→ DATA TO USE:
• • • • •

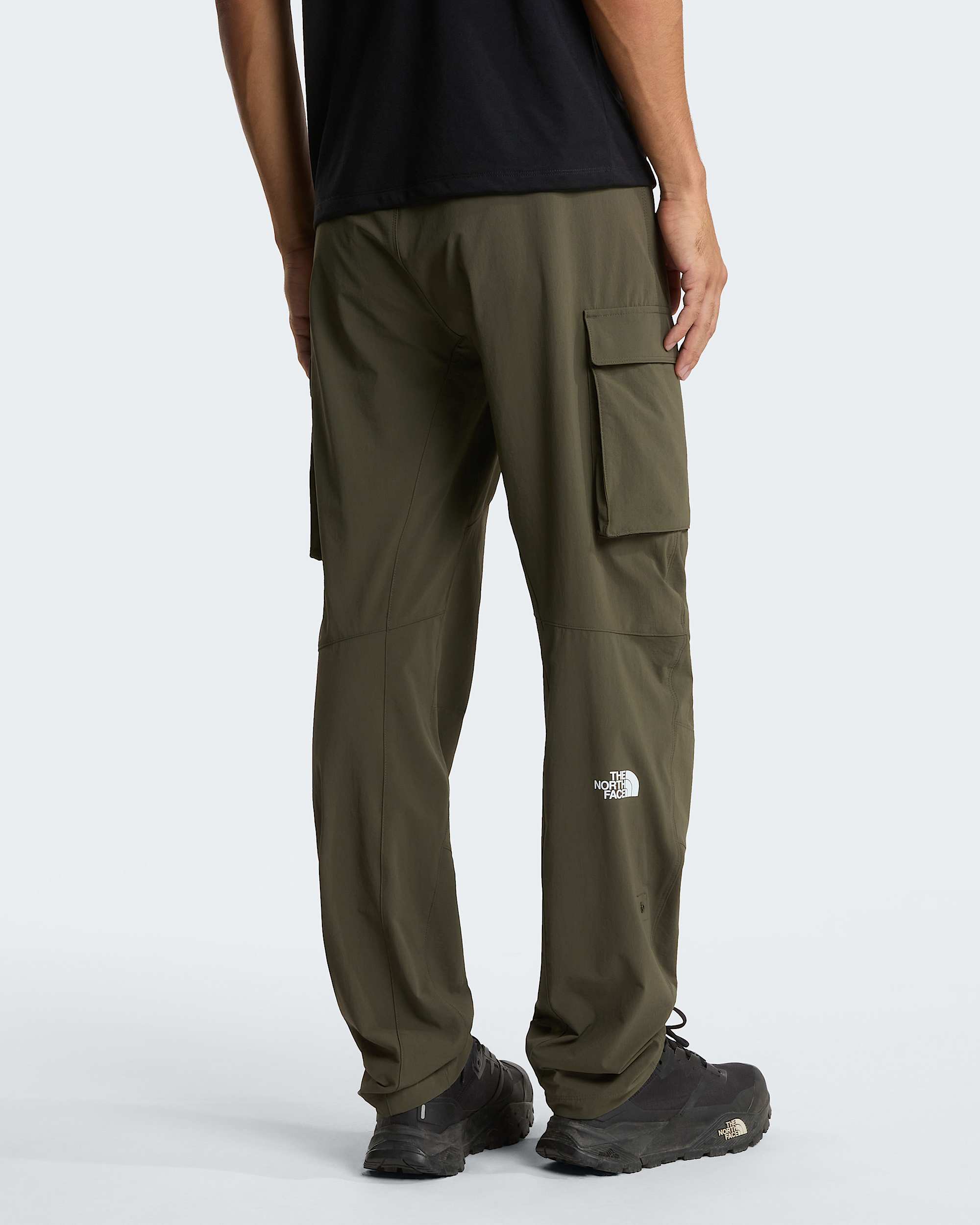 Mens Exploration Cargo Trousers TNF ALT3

• • • • •

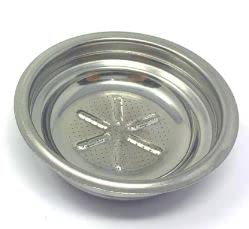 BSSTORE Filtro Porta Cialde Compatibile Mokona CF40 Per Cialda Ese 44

• • • • •

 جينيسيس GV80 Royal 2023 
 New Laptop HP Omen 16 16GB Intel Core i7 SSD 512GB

• • • • •

→ ACTION ITEM: From the records above, transcribe exactly the run of lines that opens with the line holding "جينيسيس GV80 Royal 2023" and closes with the line holding "New Laptop HP", both included.

→ TASK ANSWER:
 جينيسيس GV80 Royal 2023 
 New Laptop HP Omen 16 16GB Intel Core i7 SSD 512GB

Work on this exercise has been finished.